After the 10-year Titanomachy, the power transferred from the rule of the Titans over to the Olympians and their leader Zeus. The male Titans were banished to the underworld, but the females were allowed to remain free. Zeus was a bit of a lady’s man, and the females had not participated in the actual fighting of the war. Their roles, however, were largely taken over by the new generation of Olympian goddesses.
The ancient Greeks believed that after death people crossed over to the Underworld of Hades. It was at this time that they were given the choice of drinking from the river Lethe, whose waters caused forgetfulness and the opportunity to leave the painful memories of their lifetime behind, or to drink from the spring of Mnemosyne and remember.

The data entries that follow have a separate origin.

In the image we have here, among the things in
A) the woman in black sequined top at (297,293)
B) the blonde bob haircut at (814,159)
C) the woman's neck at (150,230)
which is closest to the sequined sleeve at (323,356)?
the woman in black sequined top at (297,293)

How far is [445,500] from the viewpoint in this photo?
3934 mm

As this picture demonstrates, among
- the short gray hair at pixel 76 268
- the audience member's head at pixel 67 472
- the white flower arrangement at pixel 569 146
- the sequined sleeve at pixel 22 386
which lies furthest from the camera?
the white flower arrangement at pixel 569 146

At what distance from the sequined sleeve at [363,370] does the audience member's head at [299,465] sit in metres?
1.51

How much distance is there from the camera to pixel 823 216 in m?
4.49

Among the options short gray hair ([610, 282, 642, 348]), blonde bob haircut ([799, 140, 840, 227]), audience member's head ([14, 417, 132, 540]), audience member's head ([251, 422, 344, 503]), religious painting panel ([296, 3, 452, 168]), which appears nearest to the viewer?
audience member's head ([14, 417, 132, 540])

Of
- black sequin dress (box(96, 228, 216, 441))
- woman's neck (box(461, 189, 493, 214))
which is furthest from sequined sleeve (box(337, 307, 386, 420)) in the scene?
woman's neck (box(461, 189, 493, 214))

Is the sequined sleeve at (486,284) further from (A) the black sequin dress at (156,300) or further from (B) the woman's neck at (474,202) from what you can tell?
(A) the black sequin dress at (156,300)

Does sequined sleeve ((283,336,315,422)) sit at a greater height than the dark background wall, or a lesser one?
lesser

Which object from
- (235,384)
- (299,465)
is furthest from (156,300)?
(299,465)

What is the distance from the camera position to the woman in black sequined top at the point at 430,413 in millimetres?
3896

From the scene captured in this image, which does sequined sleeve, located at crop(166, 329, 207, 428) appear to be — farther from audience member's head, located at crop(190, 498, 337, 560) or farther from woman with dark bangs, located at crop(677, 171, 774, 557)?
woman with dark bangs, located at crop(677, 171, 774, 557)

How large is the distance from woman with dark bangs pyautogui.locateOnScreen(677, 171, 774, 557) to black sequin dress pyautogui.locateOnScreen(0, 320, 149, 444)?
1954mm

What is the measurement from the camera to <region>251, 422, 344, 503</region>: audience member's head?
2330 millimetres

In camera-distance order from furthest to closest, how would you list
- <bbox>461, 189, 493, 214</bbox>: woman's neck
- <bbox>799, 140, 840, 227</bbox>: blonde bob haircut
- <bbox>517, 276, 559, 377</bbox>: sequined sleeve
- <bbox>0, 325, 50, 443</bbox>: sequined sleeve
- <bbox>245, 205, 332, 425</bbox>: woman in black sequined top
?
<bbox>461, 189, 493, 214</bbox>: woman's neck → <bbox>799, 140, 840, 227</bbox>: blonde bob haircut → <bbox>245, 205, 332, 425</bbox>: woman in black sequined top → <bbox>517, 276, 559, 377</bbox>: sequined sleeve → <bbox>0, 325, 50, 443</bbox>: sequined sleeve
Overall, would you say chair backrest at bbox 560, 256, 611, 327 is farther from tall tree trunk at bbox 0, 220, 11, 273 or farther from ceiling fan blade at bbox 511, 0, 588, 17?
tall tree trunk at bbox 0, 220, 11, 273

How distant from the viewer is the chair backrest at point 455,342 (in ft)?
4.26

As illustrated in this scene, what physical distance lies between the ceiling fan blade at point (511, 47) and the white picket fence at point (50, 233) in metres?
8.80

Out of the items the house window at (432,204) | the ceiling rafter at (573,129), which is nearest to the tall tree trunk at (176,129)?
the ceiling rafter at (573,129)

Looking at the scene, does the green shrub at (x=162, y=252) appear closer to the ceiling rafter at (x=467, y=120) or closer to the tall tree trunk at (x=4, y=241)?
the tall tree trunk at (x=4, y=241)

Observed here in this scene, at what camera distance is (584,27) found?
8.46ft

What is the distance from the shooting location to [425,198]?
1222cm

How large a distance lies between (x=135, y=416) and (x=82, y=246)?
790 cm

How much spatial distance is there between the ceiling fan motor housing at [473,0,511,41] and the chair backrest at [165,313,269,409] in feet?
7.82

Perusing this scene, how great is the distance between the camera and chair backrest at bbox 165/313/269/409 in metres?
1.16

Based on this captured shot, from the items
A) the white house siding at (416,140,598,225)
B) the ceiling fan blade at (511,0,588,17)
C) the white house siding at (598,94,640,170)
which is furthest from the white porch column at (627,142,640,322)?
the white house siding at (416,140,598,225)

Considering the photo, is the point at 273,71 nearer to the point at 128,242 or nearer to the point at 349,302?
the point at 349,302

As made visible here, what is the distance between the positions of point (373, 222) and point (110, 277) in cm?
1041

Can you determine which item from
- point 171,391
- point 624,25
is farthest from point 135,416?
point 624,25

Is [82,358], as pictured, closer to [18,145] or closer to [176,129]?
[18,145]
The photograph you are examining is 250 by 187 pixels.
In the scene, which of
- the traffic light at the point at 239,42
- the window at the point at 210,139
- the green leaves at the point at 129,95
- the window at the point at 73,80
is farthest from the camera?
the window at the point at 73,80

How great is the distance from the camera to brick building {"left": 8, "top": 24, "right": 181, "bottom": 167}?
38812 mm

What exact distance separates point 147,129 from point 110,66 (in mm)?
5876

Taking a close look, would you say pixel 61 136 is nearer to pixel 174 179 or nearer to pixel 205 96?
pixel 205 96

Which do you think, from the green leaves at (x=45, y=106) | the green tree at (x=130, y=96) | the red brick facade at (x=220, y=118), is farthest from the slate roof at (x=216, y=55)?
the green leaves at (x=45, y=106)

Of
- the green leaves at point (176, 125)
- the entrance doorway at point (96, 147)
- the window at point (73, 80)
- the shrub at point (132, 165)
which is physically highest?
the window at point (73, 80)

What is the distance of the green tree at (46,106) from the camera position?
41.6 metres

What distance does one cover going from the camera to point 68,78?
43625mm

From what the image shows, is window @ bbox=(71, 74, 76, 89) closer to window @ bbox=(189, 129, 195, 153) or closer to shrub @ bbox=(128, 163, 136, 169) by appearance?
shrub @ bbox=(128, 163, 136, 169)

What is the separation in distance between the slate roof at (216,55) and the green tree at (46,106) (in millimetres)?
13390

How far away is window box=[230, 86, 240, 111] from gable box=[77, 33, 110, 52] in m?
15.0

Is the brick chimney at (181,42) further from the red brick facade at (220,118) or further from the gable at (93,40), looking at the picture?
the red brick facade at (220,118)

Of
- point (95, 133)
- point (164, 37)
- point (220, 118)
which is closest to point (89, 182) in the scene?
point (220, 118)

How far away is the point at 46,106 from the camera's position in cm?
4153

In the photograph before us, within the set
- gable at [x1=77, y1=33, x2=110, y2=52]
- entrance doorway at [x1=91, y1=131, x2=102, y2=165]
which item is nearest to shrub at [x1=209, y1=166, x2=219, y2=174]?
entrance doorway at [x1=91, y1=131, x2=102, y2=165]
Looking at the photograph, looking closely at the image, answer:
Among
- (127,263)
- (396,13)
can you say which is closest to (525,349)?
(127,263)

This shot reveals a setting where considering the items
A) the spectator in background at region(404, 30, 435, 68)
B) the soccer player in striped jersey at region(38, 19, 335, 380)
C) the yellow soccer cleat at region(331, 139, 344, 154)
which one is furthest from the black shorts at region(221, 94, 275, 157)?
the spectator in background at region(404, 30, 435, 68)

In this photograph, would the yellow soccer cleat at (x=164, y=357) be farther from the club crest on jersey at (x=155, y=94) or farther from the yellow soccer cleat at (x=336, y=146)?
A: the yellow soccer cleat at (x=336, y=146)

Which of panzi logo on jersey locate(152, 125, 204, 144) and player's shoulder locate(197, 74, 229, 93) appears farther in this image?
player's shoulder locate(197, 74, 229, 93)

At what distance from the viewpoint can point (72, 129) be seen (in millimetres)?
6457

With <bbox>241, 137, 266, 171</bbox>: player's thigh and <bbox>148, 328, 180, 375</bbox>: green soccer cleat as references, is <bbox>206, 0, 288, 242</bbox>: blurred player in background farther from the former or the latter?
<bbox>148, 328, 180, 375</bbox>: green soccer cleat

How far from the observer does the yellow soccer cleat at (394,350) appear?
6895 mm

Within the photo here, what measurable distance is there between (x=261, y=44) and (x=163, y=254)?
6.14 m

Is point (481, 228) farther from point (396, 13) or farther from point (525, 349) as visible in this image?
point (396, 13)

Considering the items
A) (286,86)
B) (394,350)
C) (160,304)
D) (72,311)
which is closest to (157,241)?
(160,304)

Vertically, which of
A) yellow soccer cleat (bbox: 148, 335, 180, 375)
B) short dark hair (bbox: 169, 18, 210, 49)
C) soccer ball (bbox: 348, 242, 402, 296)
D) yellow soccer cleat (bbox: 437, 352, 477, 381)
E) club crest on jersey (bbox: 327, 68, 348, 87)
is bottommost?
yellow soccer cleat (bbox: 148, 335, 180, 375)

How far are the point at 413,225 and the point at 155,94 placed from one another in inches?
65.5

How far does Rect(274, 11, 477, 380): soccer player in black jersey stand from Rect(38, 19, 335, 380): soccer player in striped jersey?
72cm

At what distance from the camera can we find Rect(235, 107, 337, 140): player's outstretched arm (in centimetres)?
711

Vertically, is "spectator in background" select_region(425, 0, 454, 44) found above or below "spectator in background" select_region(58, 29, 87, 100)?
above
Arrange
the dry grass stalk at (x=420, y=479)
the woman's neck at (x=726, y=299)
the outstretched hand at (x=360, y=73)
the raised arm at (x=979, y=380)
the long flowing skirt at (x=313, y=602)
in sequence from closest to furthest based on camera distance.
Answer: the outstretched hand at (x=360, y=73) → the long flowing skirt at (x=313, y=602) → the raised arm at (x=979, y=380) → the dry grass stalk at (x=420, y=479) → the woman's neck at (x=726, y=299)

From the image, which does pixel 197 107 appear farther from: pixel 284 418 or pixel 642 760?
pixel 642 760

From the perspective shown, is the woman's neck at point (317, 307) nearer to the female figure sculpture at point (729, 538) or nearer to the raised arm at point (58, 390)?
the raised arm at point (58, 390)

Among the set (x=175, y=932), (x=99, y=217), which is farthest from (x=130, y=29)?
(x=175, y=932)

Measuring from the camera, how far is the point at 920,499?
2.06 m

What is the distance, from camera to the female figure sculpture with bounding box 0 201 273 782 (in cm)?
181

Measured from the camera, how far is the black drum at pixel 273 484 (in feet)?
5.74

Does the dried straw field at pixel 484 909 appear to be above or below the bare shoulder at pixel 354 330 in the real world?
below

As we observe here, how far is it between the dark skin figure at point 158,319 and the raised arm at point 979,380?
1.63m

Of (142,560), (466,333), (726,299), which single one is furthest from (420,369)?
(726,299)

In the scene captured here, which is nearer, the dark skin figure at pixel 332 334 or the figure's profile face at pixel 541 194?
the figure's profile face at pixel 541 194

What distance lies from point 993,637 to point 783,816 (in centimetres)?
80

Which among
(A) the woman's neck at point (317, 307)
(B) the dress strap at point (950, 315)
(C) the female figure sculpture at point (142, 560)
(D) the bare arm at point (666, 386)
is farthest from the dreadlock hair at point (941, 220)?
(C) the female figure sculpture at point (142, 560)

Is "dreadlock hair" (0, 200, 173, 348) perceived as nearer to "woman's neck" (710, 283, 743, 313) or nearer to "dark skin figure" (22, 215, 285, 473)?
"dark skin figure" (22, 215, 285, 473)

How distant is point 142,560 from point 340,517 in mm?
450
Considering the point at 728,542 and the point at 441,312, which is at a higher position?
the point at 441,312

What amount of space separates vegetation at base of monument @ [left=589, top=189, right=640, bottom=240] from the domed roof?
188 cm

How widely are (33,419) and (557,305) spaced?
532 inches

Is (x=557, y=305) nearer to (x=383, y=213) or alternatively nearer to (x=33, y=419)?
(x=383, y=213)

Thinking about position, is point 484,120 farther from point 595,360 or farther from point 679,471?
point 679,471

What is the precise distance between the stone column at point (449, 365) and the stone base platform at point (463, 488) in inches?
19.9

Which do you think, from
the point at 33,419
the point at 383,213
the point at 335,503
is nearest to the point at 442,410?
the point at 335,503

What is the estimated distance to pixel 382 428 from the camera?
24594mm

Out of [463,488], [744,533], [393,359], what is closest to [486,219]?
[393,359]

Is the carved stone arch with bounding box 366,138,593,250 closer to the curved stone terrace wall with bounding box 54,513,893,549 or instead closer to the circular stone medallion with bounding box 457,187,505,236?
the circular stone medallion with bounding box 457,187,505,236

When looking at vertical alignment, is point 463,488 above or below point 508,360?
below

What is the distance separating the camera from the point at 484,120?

The souls who made the choice to forget were reborn and returned to Earth to learn the lessons they still needed. Those who made the choice to remember were sent to the Elysian Fields, where they would live for eternity in happiness and tranquility.
The Nine Muses
After the war, Zeus became the established ruler of the gods. Despite having immortality and status, he was concerned that his victory over the Titans and his other great accomplishments might be forgotten.
Interested in preserving these wonderful memories, he went to visit Mnemosyne disguised as a shepherd, with a plan to seduce her. They stayed together for nine nights before he left to head back to Mount Olympus. Although well known for his extramarital affairs, this interlude predated his marriage to the goddess Hera.
Mnemosyne became the mother of nine daughters known as the Muses. Zeus was delighted. They later stayed by his throne, the nine beautiful, carefree and inspirational daughters. The Muses entertained his guests with great stories and songs of his accomplishments and the tales of creation.
They are the famous nymph goddesses that are the inspiration for all of literature, science and the arts.
- Clio, the muse of history. In ancient Greece, the study of history was called Clio, derived from the word kleos, meaning heroic.
- Euterpe, the muse of music discovered musical instruments.
- Calliope, the muse of epic poetry was Homer’s inspiration for the Iliad and the Odyssey. She is the most famous of all the muses.
- Erato, the muse of lyric poetry and protector of love and love poems. Her name is derived from the word eros which means the feeling of falling in love.
- Thalia, the muse of and discoverer of comedy, agricultural science and geometry.
- Melpomene, the muse of and protector of tragedy, and the opposite of Thalia.
- Polymnia, the muse of divine hymns and meditation.
- Terpsichore, the muse of dancing, the harp and education.
- Urania, the muse of astronomy and protector of the stars and planets.
In addition to being the inspiration for art, science and creativity, the muses were the subject of many classic Renaissance paintings. Each daughter of Mnemosyne was identified with an icon that represented her gifts and talents. Calliope held a writing tablet, Clio held books, Urania held a globe and a compass, Polymnia, always deep in thought, wears a veil, Euterpe holds a flute, Thalia and Melpomene wear the classical theater masks of comedy and tragedy, and Erato wears a crown of roses.
In the legends, Apollo, the god of music, poetry and prophecy, was the leader of the muses. He loved all the muses for their unique inspiration and never seemed to favor one over the others.
The word museum is derived from the word muse, as are the words, music, and amusing.
From the name Mnemosyne comes the word mnemonic, which is a methodology to aid with remembering.
The basis of all human knowledge is not separable from memory, for all things learned must be recalled. Perhaps if there was ever a goddess that deserves to be remembered, it’s the Titaness Mnemosyne, the mother of language and the arts.